I’m very grateful for everyone who reads my book and takes the time to write a review, to help shine a light on tolerance and also because all profits from the book are going to animal rescue. (http://www.vcstar.com/news/2012/sep/08/ojai-authors-historical-novel-teaches-tolerance/ SHELTER PROFITS ARE GOING TO: http://www.santapaulaarc.org/ )
The Persecution of Mildred Dunlap takes place in the small town of Red River Pass, Nevada, 1895. All her life Mildred has been an outcast, resigned to forever being an old maid. When love finally comes to Mildred it’s in the form of her cousin and best friend, Edra Fitzgerald. After the arrest of Oscar Wilde in England for gross indecency makes headlines around the world, Mildred and Edra must find a way to keep their relationship secret. Mildred comes up with a plan. She befriends the recent widower, Charley, in hopes that the catty townspeople will be satisfied with that and leave her and Edra to their privacy.
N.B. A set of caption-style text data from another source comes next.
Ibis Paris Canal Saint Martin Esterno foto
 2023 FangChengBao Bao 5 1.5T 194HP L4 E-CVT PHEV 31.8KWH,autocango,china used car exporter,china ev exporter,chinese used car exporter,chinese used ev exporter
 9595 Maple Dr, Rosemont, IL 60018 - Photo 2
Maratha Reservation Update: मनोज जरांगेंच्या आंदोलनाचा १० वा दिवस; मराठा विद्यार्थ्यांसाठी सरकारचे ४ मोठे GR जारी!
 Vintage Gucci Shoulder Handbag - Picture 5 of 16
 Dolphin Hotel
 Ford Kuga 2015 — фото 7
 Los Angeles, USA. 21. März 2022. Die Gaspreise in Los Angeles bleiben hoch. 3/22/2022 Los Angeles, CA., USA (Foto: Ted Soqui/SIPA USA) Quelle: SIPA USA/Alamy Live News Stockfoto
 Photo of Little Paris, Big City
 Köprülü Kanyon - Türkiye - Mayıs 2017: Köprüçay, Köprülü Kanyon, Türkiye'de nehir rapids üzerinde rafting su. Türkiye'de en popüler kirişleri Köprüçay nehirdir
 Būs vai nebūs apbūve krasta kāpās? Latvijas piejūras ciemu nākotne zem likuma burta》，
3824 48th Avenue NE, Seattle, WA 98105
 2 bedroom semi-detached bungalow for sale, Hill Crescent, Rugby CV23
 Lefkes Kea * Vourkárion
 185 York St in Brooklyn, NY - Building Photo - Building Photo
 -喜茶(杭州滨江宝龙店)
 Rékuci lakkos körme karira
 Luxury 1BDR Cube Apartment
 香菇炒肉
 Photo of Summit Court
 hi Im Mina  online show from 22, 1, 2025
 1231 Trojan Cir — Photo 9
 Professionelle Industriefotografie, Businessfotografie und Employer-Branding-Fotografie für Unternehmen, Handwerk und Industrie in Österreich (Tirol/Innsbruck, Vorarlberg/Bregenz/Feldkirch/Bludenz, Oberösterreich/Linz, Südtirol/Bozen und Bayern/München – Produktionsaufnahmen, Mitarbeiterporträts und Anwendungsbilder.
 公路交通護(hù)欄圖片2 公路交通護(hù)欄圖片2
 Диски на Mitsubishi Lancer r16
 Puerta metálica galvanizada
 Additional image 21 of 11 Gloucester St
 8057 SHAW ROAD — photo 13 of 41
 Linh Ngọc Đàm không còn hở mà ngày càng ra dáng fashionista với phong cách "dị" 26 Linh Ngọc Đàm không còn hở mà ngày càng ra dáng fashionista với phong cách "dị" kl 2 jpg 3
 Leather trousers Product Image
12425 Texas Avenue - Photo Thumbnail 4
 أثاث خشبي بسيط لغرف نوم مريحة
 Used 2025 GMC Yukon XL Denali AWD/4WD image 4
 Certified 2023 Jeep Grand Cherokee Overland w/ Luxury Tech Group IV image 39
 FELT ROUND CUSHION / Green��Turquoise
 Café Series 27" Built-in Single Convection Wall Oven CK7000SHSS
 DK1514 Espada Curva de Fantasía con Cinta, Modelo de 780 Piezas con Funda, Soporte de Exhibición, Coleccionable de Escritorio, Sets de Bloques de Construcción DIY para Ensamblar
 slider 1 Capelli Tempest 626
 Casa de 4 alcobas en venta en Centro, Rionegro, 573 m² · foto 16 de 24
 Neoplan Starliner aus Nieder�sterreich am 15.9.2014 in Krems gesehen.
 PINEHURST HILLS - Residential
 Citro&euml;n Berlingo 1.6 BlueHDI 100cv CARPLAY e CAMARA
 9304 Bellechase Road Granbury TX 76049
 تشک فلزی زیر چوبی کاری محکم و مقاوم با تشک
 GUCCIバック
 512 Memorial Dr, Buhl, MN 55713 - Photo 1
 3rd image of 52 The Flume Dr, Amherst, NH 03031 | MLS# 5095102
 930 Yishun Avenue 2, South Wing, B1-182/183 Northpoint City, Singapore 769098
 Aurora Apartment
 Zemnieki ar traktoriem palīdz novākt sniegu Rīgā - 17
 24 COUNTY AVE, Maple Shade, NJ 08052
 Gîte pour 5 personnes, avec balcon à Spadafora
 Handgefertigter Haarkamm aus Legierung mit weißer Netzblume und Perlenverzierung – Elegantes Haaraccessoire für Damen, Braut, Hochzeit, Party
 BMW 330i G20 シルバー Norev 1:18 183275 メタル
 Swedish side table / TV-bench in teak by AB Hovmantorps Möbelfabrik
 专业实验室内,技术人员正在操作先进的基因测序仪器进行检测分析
Paulette Mahurin weaves the compelling struggle of two women against a community horrified at the idea of a same-sex relationship. Prejudice takes center stage, all the while showing us how narrow-minded people with ugly minds and sharp tongues can destroy the spirit of those that dare to be different.
In The Persecution of Mildred Dunlap, Mahurin shows us love truly does conquer all. An enduring story for the ages, destined to be read again and again.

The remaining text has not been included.